Revisiting Contextual Toxicity Detection in Conversations

Understanding toxicity in user conversations is undoubtedly an important problem. As it has been argued in previous work, addressing "covert" or implicit cases of toxicity is particularly hard and requires context. Very few previous studies have analysed the influence of conversational context in human perception or in automated detection models. We dive deeper into both these directions. We start by analysing existing contextual datasets and come to the conclusion that toxicity labelling by humans is in general influenced by the conversational structure, polarity and topic of the context. We then propose to bring these findings into computational detection models by introducing (a) neural architectures for contextual toxicity detection that are aware of the conversational structure, and (b) data augmentation strategies that can help model contextual toxicity detection. Our results have shown the encouraging potential of neural architectures that are aware of the conversation structure. We have also demonstrated that such models can benefit from synthetic data, especially in the social media domain.

Self-Supervised Detection of Contextual Synonyms in a Multi-Class Setting: Phenotype Annotation Use Case

Contextualised word embeddings is a powerful tool to detect contextual synonyms. However, most of the current state-of-the-art (SOTA) deep learning concept extraction methods remain supervised and underexploit the potential of the context. In this paper, we propose a self-supervised pre-training approach which is able to detect contextual synonyms of concepts being training on the data created by shallow matching.
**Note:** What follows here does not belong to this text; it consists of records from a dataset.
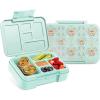 imageSimple Modern Star Wars Bento Lunch Box for Kids  BPA Free Leakproof Dishwasher Safe  Lunch Container for Boys Toddlers  Porter Collection  5 Compartments  Grogu Force StrongFox and the Flower
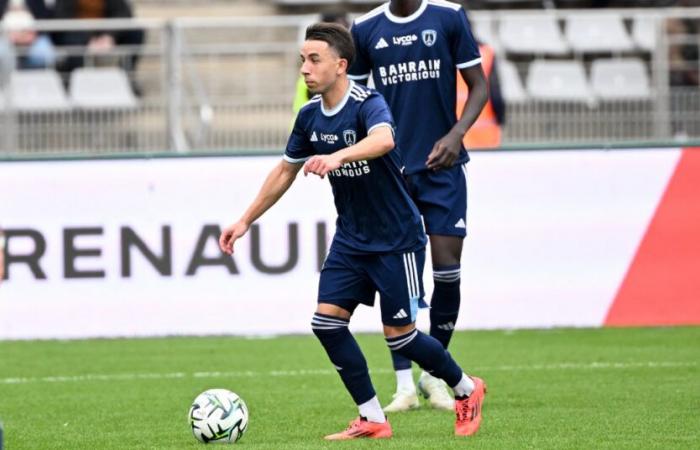 Paris FC-Annecy und direkt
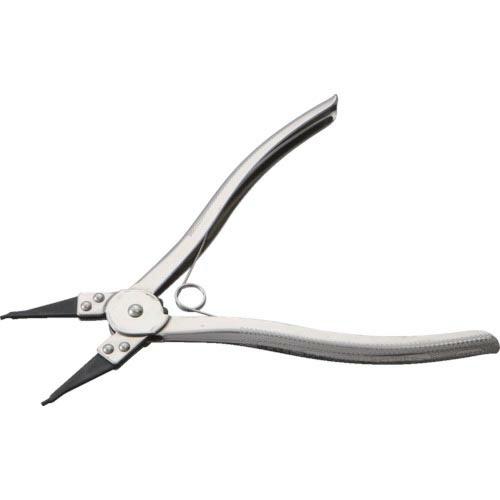 スーパー スナップリングプライヤー 穴用直爪 リング使用範囲40~100MM ( CH-4A ) (...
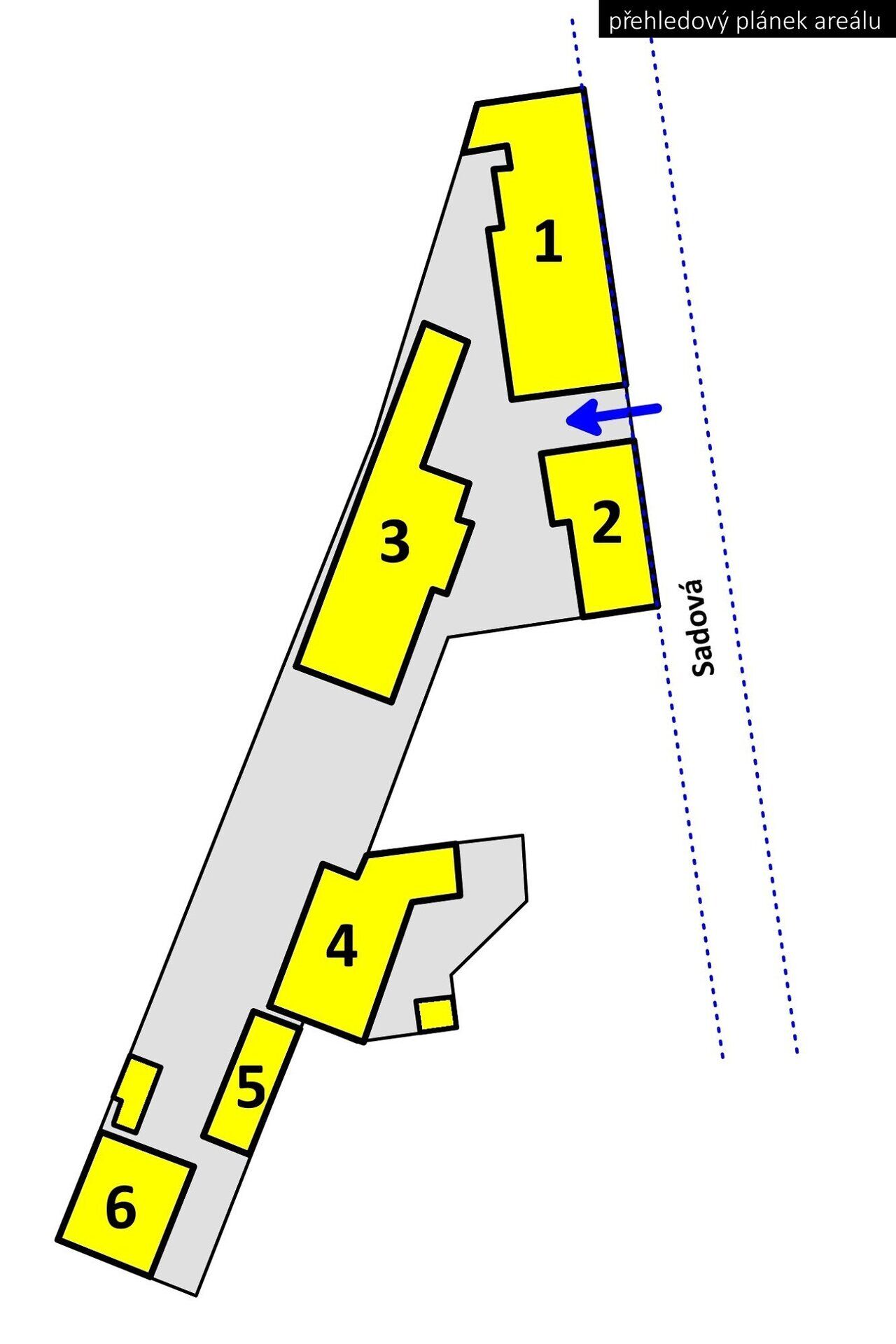 Dílenské a skladovací objekty o podlahových plochách 113 až 558 m2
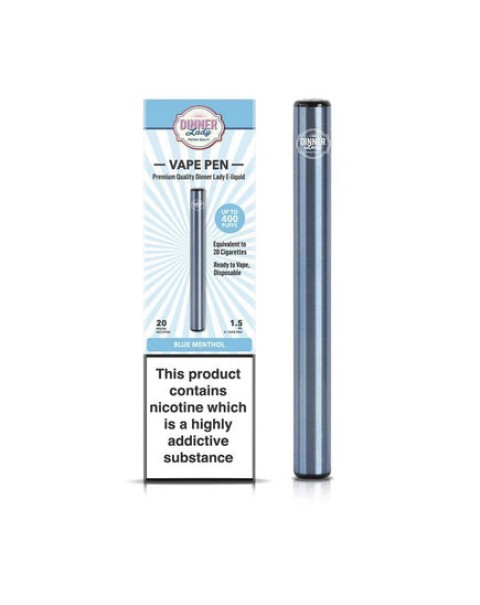 Dinner Lady New Disposable Vape Pen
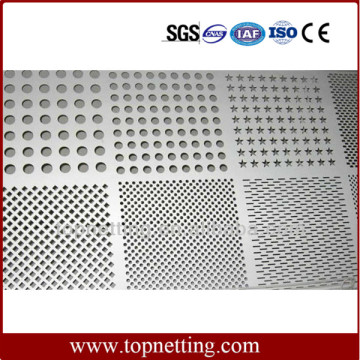 Chape Aluminum Perforated Metal Screen Sheet, Perforated Metal Sheet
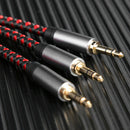 Headphone Splitter 3.5mm Female to 3Male Headphone Audio Splitter Cable Adapter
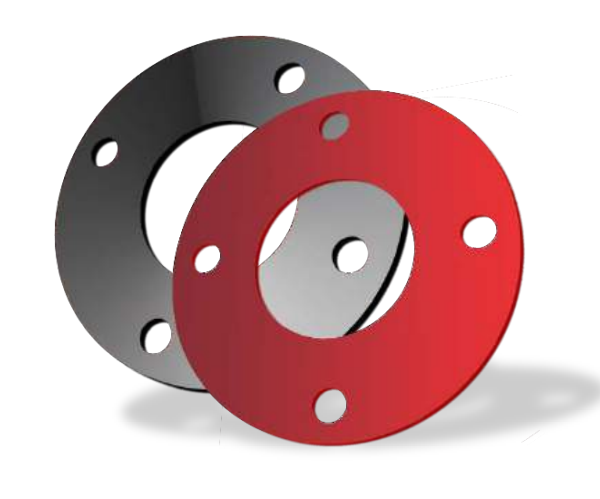 EMPAQUE NEOPRENO PARA BRIDA 5 PULGADAS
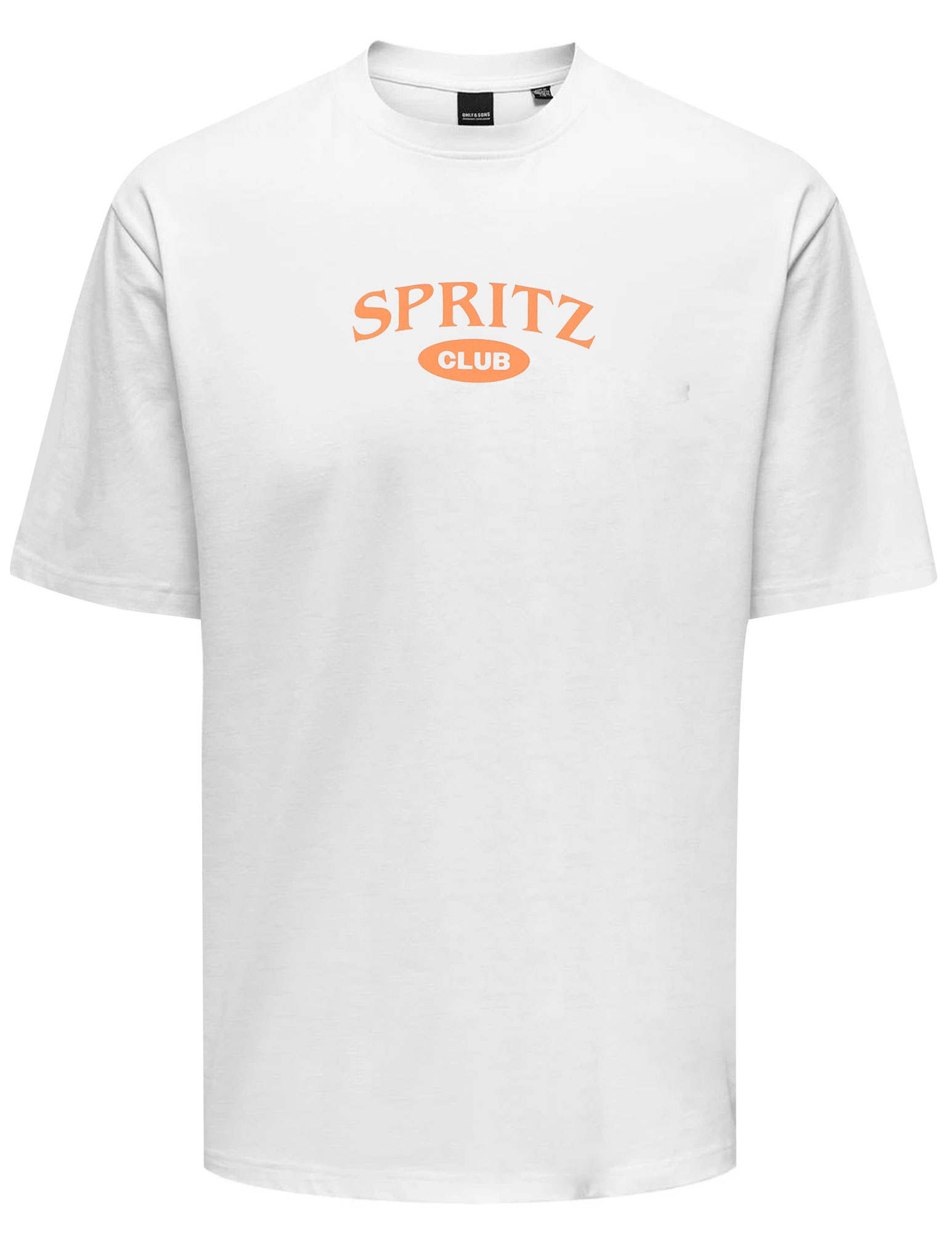 ONLY & SONS T-shirt Spritz 22034398 Wit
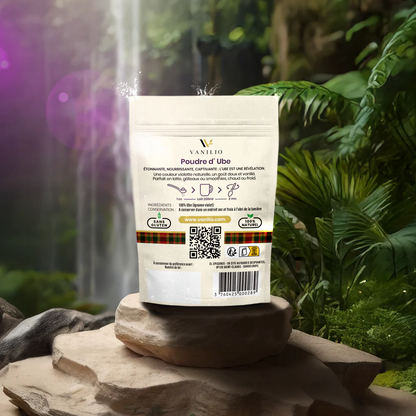 Poudre d’Ube 100% Dioscorea alata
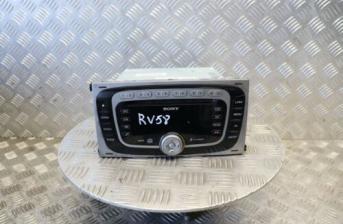 FORD KUGA MK1 SONY RADIO CD MP3 6CD CHANGER 8V4T-18C939-DB 2008-2012 RV58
We apply our methodology in the sparse multi-class setting (over 15,000 concepts) to extract phenotype information from electronic health records. We further investigate data augmentation techniques to address the problem of the class sparsity. Our approach achieves a new SOTA for the unsupervised phenotype concept annotation on clinical text on F1 and Recall outperforming the previous SOTA with a gain of up to 4.5 and 4.0 absolute points, respectively. After fine-tuning with as little as 20\% of the labelled data, we also outperform BioBERT and ClinicalBERT. The extrinsic evaluation on three ICU benchmarks also shows the benefit of using the phenotypes annotated by our model as features.
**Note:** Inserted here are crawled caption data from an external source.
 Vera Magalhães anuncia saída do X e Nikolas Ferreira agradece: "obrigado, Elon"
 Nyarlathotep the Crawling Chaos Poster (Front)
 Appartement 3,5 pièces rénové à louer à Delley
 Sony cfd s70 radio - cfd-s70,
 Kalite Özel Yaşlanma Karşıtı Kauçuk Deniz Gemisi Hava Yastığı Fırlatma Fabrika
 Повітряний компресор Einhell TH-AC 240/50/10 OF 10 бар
Clinical Utility of the Automatic Phenotype Annotation in Unstructured Clinical Notes: ICU Use Cases

Clinical notes contain information not present elsewhere, including drug response and symptoms, all of which are highly important when predicting key outcomes in acute care patients. We propose the automatic annotation of phenotypes from clinical notes as a method to capture essential information to predict outcomes in the Intensive Care Unit (ICU). This information is complementary to typically used vital signs and laboratory test results. We demonstrate and validate our approach conducting experiments on the prediction of in-hospital mortality, physiological decompensation and length of stay in the ICU setting for over 24,000 patients. The prediction models incorporating phenotypic information consistently outperform the baseline models leveraging only vital signs and laboratory test results. Moreover, we conduct a thorough interpretability study, showing that phenotypes provide valuable insights at the patient and cohort levels. Our approach illustrates the viability of using phenotypes to determine outcomes in the ICU.